§ **Problem to work on**: When you write out the listing, keep every word as it stands and drop the pictures.

§ **Extracted records**:

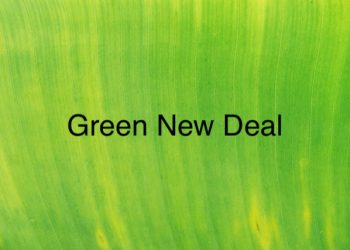 New York Sets Out to Beat California; Mandates 100 Percent Renewables by 2040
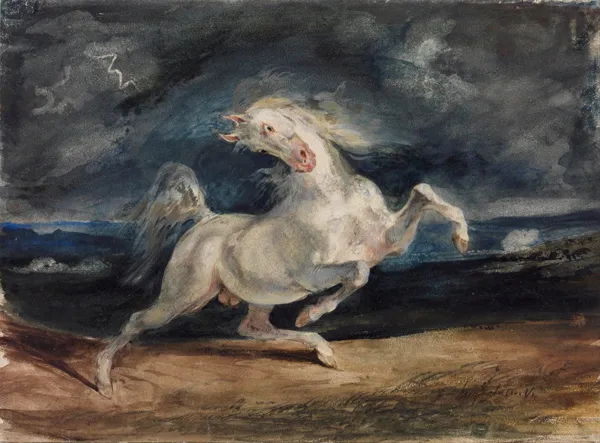 Basics of Design 2 horse frightened by a thunderstorm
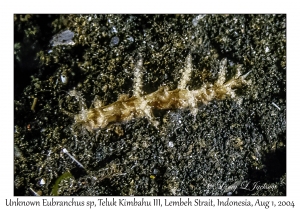 Unknown Eubranchus species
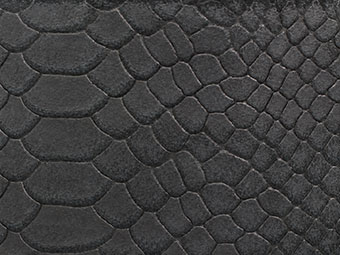 Nahaufnahme Oberfl�che Python-Leder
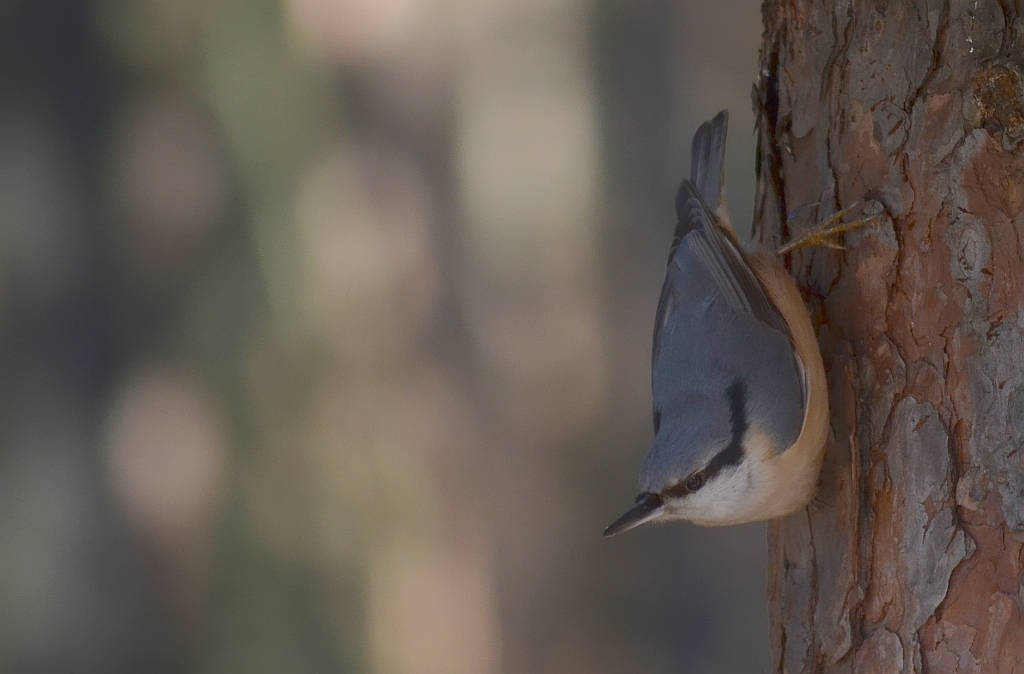 Kowalik, kowalik zwyczajny, bargiel (Sitta europaea)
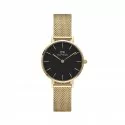 Orologio Daniel Wellington Donna Petite Evergold DW00100349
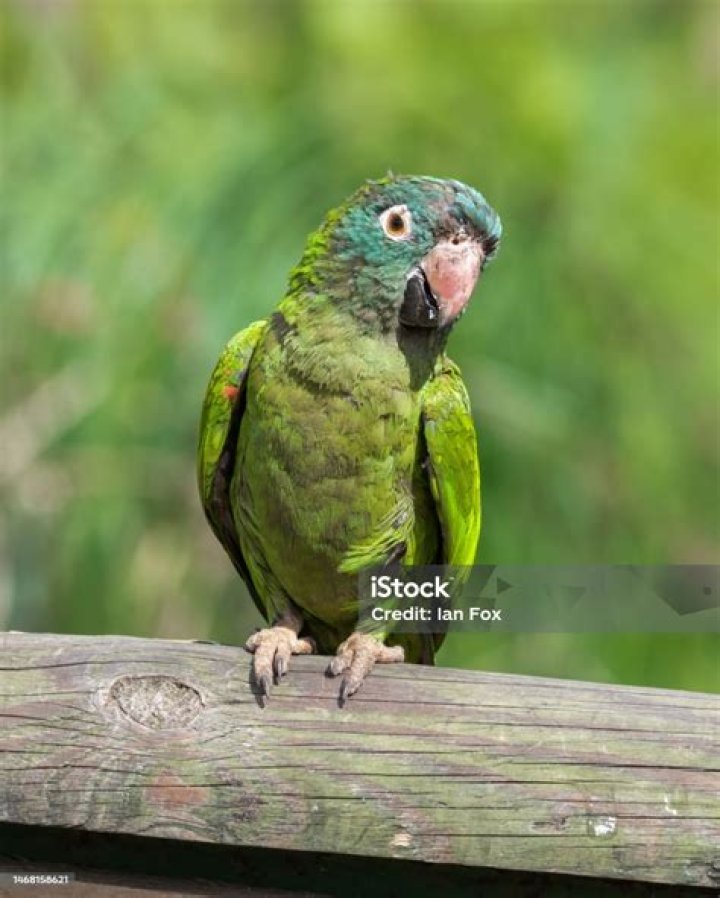 Blue-crowned Conure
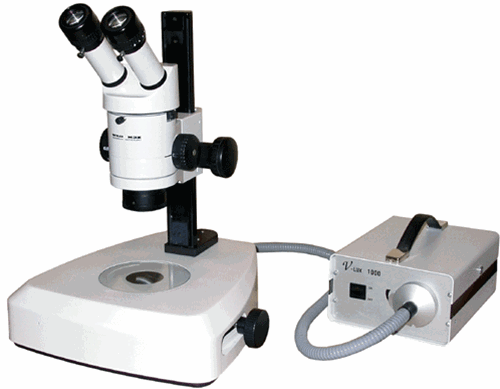 Wild M3Z StereoZoom Microscope On Transmitted Light Base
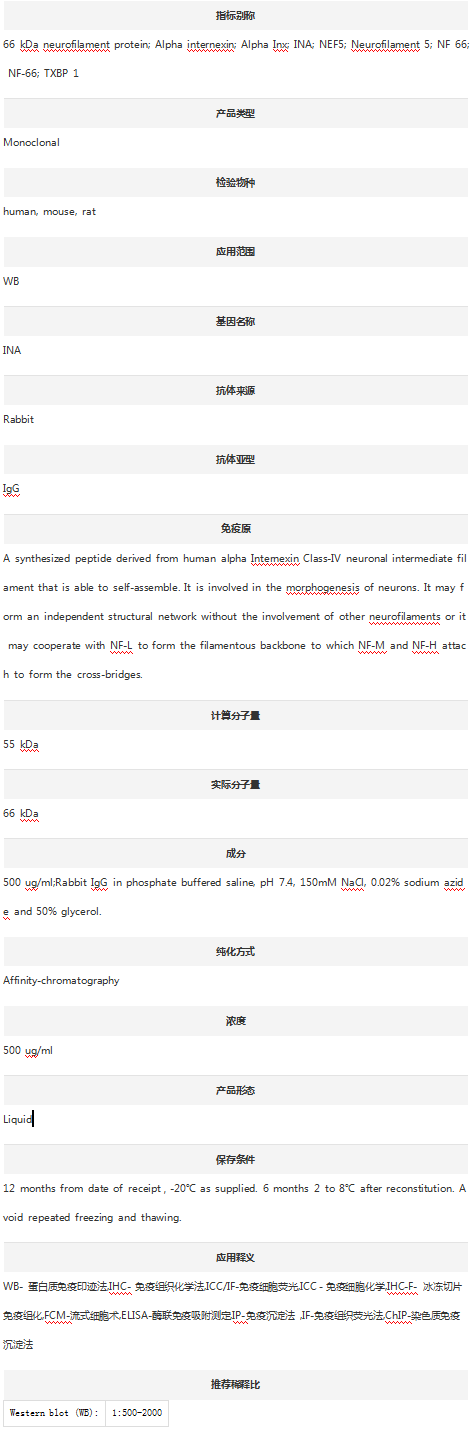 Anti-Alpha Internexin/INA Anti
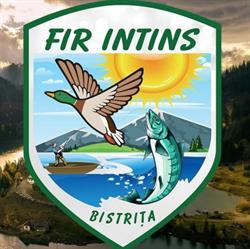 Fir Intins SRL, Bistriţa program de funcționare
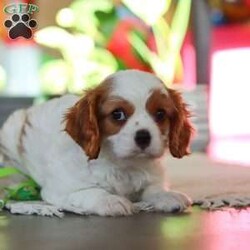 Leo/Cavalier King Charles Spaniel									Puppy/Male																/8 Weeks,Meet Leo, an AKC-registered Cavalier King Charles Spaniel with a noble presence and a heart full of love! With his silky, richly-colored coat and expressive eyes that exude the classic Cavalier charm, this handsome boy is an absolute joy to be around. He carries himself with elegance, yet his playful and affectionate nature shines through—always ready for a cuddle session or a fun romp around the yard.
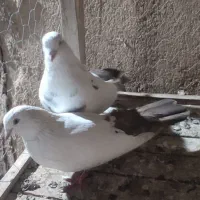 یه جفت دم قهوی یه کله سبز نر
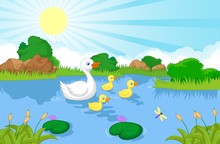 Duck Family Cartoon Swimming
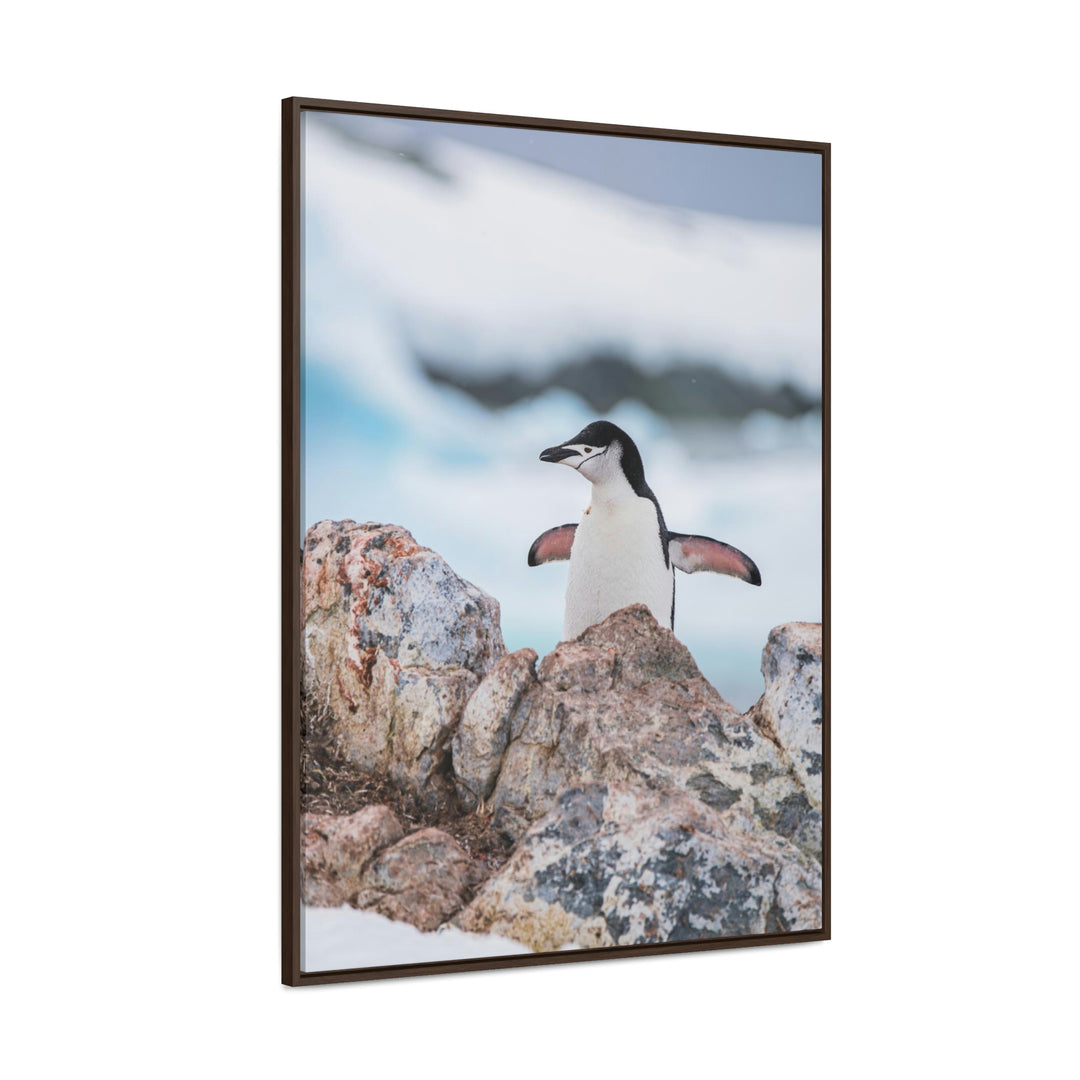 Stretched Penguin - Canvas with Frame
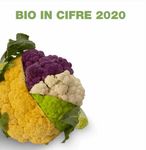 Bio in cifre 2020: crescita record dei consumi di alimenti biologici
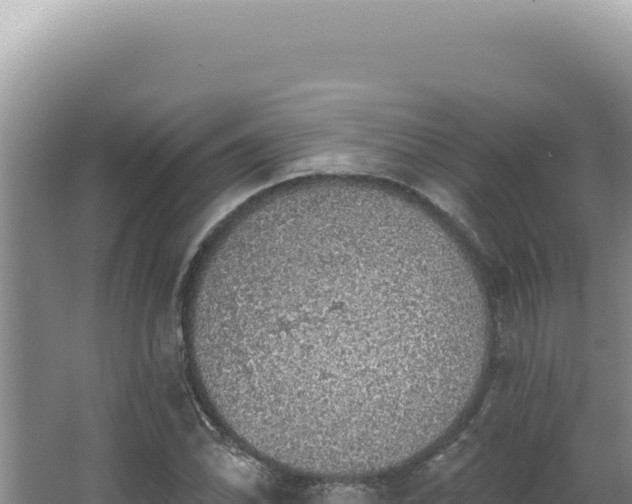 X0000064741070200602131310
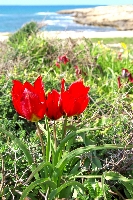 Tulipa aganensis ssp.sharonensis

§ **Exercise response**:
 New York Sets Out to Beat California; Mandates 100 Percent Renewables by 2040
 Basics of Design 2 horse frightened by a thunderstorm
 Unknown Eubranchus species
 Nahaufnahme Oberfl�che Python-Leder
 Kowalik, kowalik zwyczajny, bargiel (Sitta europaea)
 Orologio Daniel Wellington Donna Petite Evergold DW00100349
 Blue-crowned Conure
 Wild M3Z StereoZoom Microscope On Transmitted Light Base
 Anti-Alpha Internexin/INA Anti
 Fir Intins SRL, Bistriţa program de funcționare
 Leo/Cavalier King Charles Spaniel									Puppy/Male																/8 Weeks,Meet Leo, an AKC-registered Cavalier King Charles Spaniel with a noble presence and a heart full of love! With his silky, richly-colored coat and expressive eyes that exude the classic Cavalier charm, this handsome boy is an absolute joy to be around. He carries himself with elegance, yet his playful and affectionate nature shines through—always ready for a cuddle session or a fun romp around the yard.
 یه جفت دم قهوی یه کله سبز نر
 Duck Family Cartoon Swimming
 Stretched Penguin - Canvas with Frame
 Bio in cifre 2020: crescita record dei consumi di alimenti biologici
 X0000064741070200602131310
 Tulipa aganensis ssp.sharonensis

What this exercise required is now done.